■ **Given data**:
● ● ● ●

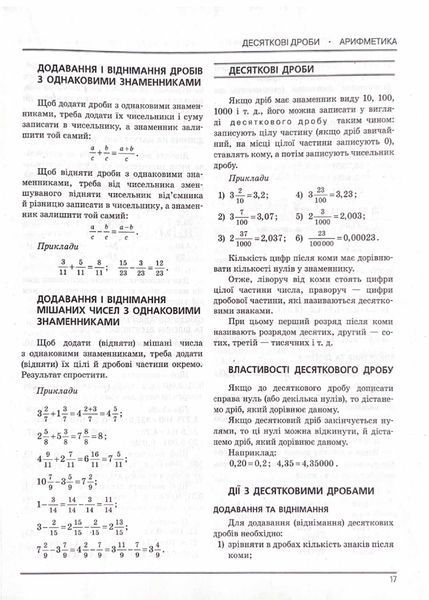 ЗНО 2024. Математика. Комплексне видання 1021045 фото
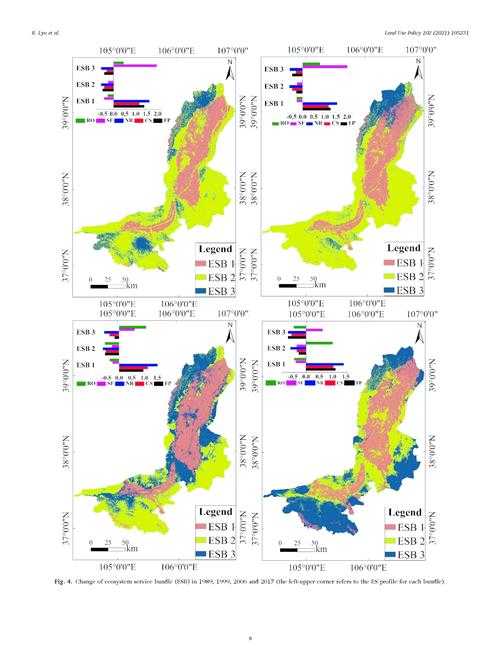 从空间治理到行为干预：地理学视角下的环境保护路径探索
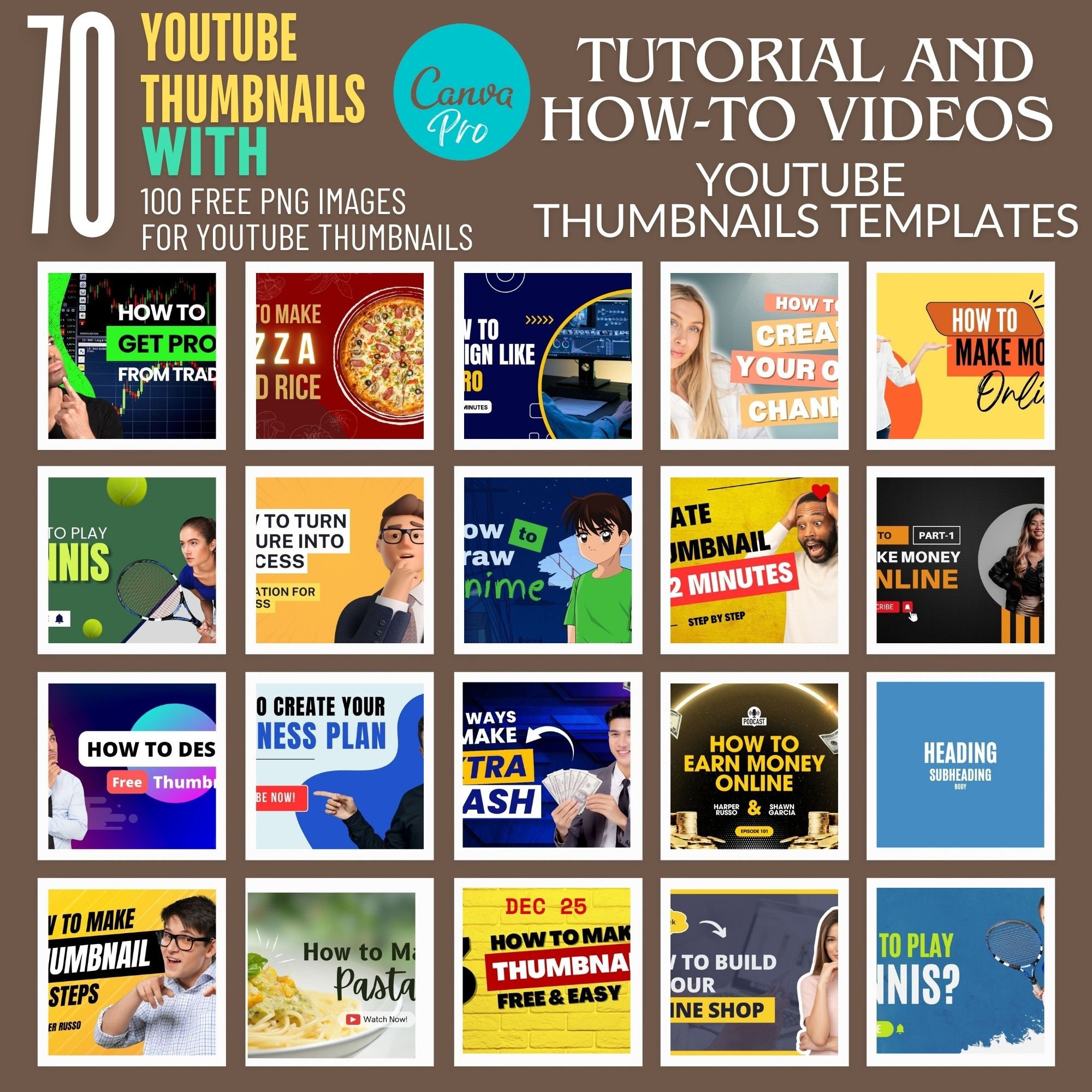 70 Youtube Thumbnail Templates: Editable Canva Designs (100 PNG Images ...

● ● ● ●

■ **About this exercise**: Copy the whole listing above word for word but do not carry over the pictures.

■ **Response to the exercise**:
 ЗНО 2024. Математика. Комплексне видання 1021045 фото
 从空间治理到行为干预：地理学视角下的环境保护路径探索
 70 Youtube Thumbnail Templates: Editable Canva Designs (100 PNG Images ...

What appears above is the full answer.